Until for $n\ge1$, I had to prove the following:
$$\frac{1}{n+1}+\frac{1}{n+2}+\cdots+\frac{1}{n+(n+1)}\le\frac{5}{6}$$
Unlike the last time, now I have a constant $\frac{5}{6}$ at the right side. Maybe it makes no difference, so despite that I decided to try it anyway with pretty much the same procedure that André Nicolas used in How to use mathematical induction with inequalities?:
The inequality holds for $n=1$. We now assume the following:
$$\frac{1}{n+1}+\frac{1}{n+2}+\cdots+\frac{1}{n+(n+1)}\le\frac{5}{6}$$
We want to prove that it holds for $n+1$, so we'd like to show this:
$$\frac{1}{n+1}+\frac{1}{n+2}+\cdots+\frac{1}{n+(n+1)}+\frac{1}{(n+1)+(n+2)}\le\frac{5}{6}$$
(So something different happened since last time: the right side did not change at all.

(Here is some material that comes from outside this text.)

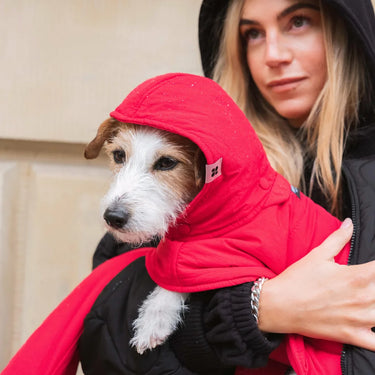 Dog Hoodie Red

It worried me, but since I'm just following the same steps I always do I will leave it like that and see what happens).
By the induction assumption we can say that
$$\frac{1}{n+1}+\frac{1}{n+2}+\cdots+\frac{1}{n+(n+1)}+\frac{1}{(n+1)+(n+2)}\le\frac{5}{6}+\frac{1}{(n+1)+(n+2)}$$
We will be finished if we can show that
$$\frac{5}{6}+\frac{1}{(n+1)+(n+2)}\le\frac{5}{6}$$
…. Oh wait. That's impossible! (I guess)
I guess that it is because the right side remained unchanged back then. But well, in that case, I'm not sure how should I do it then. My question then: how would I solve mathematical induction problems with inequalities that have a constant in the right side?
Best Answer
You actually want to show
$$\frac{1}{n+2}+\frac{1}{n+3}+\cdots+\frac{1}{(n+1)+(n+1)}+\frac{1}{(n+1)+(n+2)}\le\frac{5}{6}$$
So you take the inductive hypothesis, and subtract $\frac{1}{n+1}$ from and add $\frac{1}{(n+1)+(n+1)}+\frac{1}{(n+1)+(n+2)}$ to the left hand side. Since you can show that change is less than zero, the overall sum is still less than or equal to $\frac56$.